Hm, did you start with a clean environment and SWUpdate >= 2022.12?

> > > > ----------------------------
> > > > Config Partition #1 Values:
> > > > in_progress:      no
> > > > revision:         3
> > > > kernel:           C:BOOT1:linux.efi
> > > > kernelargs:
> > > > watchdog timeout: 0 seconds
> > > > ustate:           2 (TESTING)
> > > >
> > > > user variables:
> > > >
> > >
> > > I see - we should *never* reach this state.
> > >
> > > >
> > > > To get there, I started an upstate with swupdate and booted into testing
> > > > path #1.
> > >
> > > Ok
> > >
> > > > But then didn't confirm this update and rather started it
> > > > again, using the same swu.
> > >
> > > It looks to me that this is the point. SWUpdate requires to close the
> > > transaction, for itself or for the deployment server (Hawkbit). If a
> > > system boots with TESTING, the glue logic should start SWUpdate asking
> > > to close the transaction - with OK or FAILED by passing the -c parameter.
> > >
> > > However, this was thought to work together with the deployment server,
> > > because it handles the state machine on Hawkbit. The parameter is
> > > ignored if another deployment interface (Webserver, USB, ..) is used.

The suricatta modules handle this for you ― as a "convenience" feature
and to keep the (hawkBit, ...) server's view of things consistent with
the device's, which is more important than the convenience aspect :)

If you're running it with other modules/modes, you're on your own.
Then, you have to play along the (convention) rules to close the
transaction as there's nothing preventing you to get into this
situation with EFI Boot Guard.

Hence, the valid question whether this should be allowed / denied by EFI
Boot Guard or the tools (SWUpdate in this case) making use of it?

> > > This is managed (again) on such situation on glue logic, and the
> > > transaction (that is set of ustate) is done before starting SWUpdate. Or
> > > in case of U-Boot, it is also managed with the help of additional (and
> > > custom) variables.
> > >
> > > In your case, it seems that nothing is done at boot time, and SWUpdate
> > > is started. SWUpdate does not know (because it expects that someone has
> > > already decided, and ustate is not checked) that a new software is
> > > running, and the same SWU is loaded again.

Exactly, here you're on your own. You have to instrument EFI Boot Guard
so that it's happy... which is convention and not enforced, currently.
Granted, this requires a lot of context knowledge how to integrate
things properly and seamlessly...

One common pattern is to have a "health" target and once that's reached
you start SWUpdate with according parameters (or set them yourself via
some glueing method). But again, that is convention, not enforced, and
it's currently the responsibility of the system integrator to get right.
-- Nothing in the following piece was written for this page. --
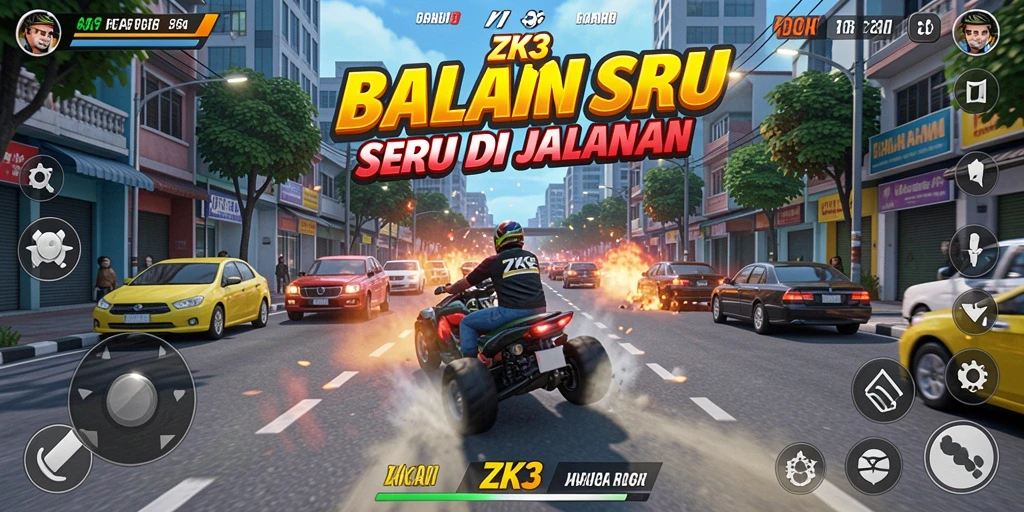 Tangkapan layar ZK3 menunjukkan aksi balapan yang mendebarkan.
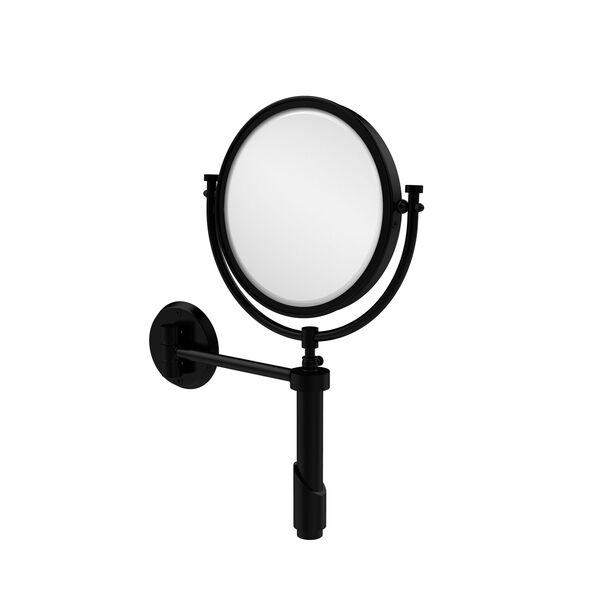 Tribecca Collection Wall Mounted Make-Up Mirror 8 Inch Diameter with 5X Magnification, Matte Black, image 1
> > I was running swupdate manually from the command line. No backend
> > involved, just the desire to intentionally break things. ;)
>
> The best way to reach the goal...:-D

If you would have used suricatta, you would have missed this :)

> And yes, this can happen because the part deciding if previous update was ok,
> is missing. In most projects, if system is up and running, it is considered
> ok. That means the decision is done in SWUpdate's systemd run unit (or SystemV
> init script), see also glue logic under /usr/lib/swupdate. In some other
> cases, update is ok only if application is running, a migration of a custom
> database was ok, ad, and....that means is outside SWUpdate. SWUpdate supports
> all these use cases.

Yes, that's the codified context knowledge. Still, if you miss out on
one thing, the whole integration will crash and burn. And it's quite
easy to miss a thing...

The question is whether there is a generic pattern like the "health"
target I sketched above so that SWUpdate can handle and abstract
the bootloader interactions?

Then, any SWUpdate mode/module will behave the same and there's all
in one place reducing the need for having all the context knowledge...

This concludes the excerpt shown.